Records from a data collection
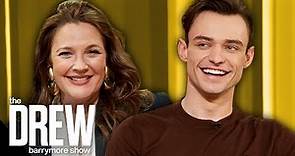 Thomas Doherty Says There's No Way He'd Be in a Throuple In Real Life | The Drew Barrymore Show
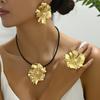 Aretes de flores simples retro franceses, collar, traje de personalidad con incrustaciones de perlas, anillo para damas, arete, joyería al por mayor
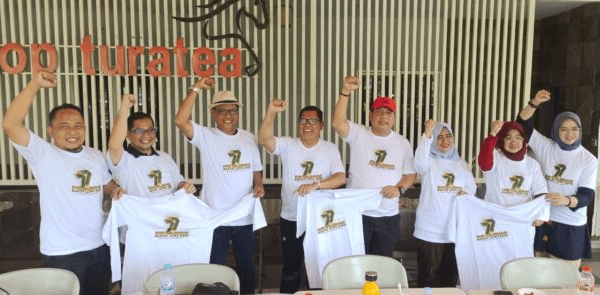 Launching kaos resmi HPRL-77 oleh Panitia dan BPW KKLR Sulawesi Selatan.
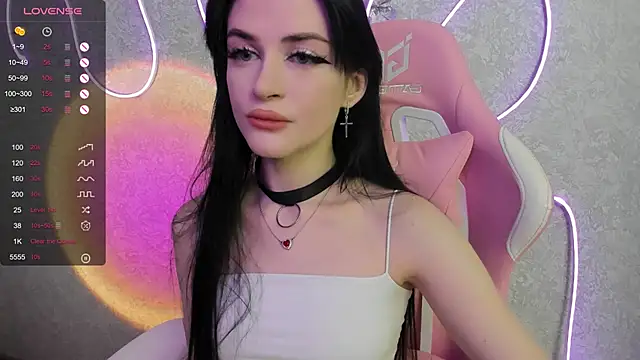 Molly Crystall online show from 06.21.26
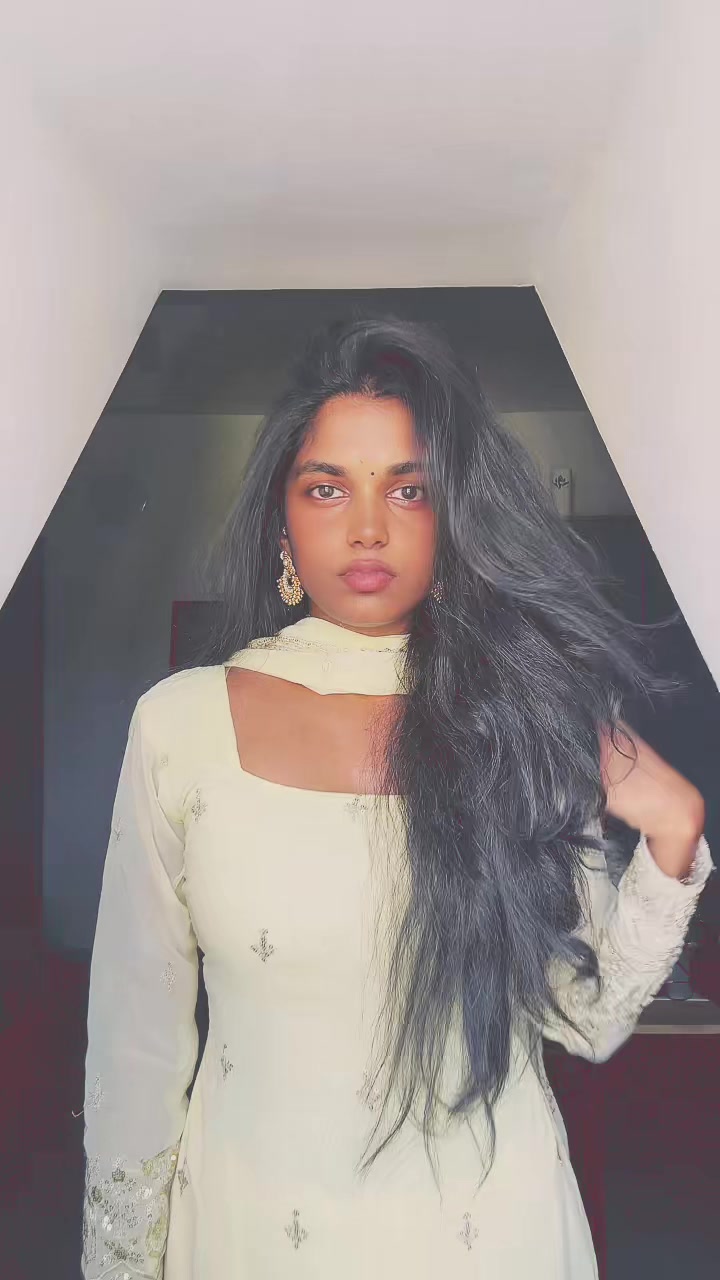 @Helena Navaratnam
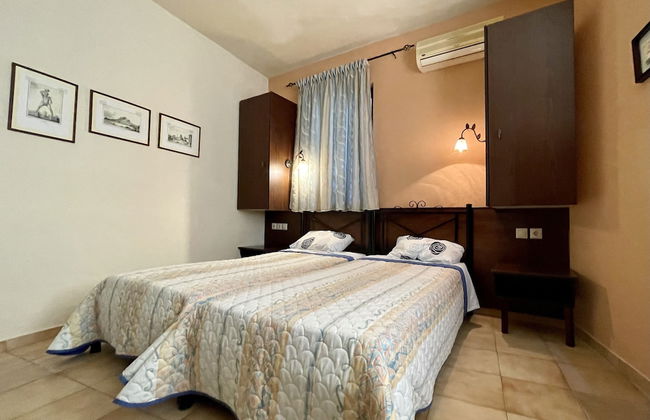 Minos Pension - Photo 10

▸ TASK DESCRIPTION
Without including any picture, set down every line above exactly as it stands.

▸ OUTPUT BELOW
 Thomas Doherty Says There's No Way He'd Be in a Throuple In Real Life | The Drew Barrymore Show
 Aretes de flores simples retro franceses, collar, traje de personalidad con incrustaciones de perlas, anillo para damas, arete, joyería al por mayor
 Launching kaos resmi HPRL-77 oleh Panitia dan BPW KKLR Sulawesi Selatan.
 Molly Crystall online show from 06.21.26
 @Helena Navaratnam
 Minos Pension - Photo 10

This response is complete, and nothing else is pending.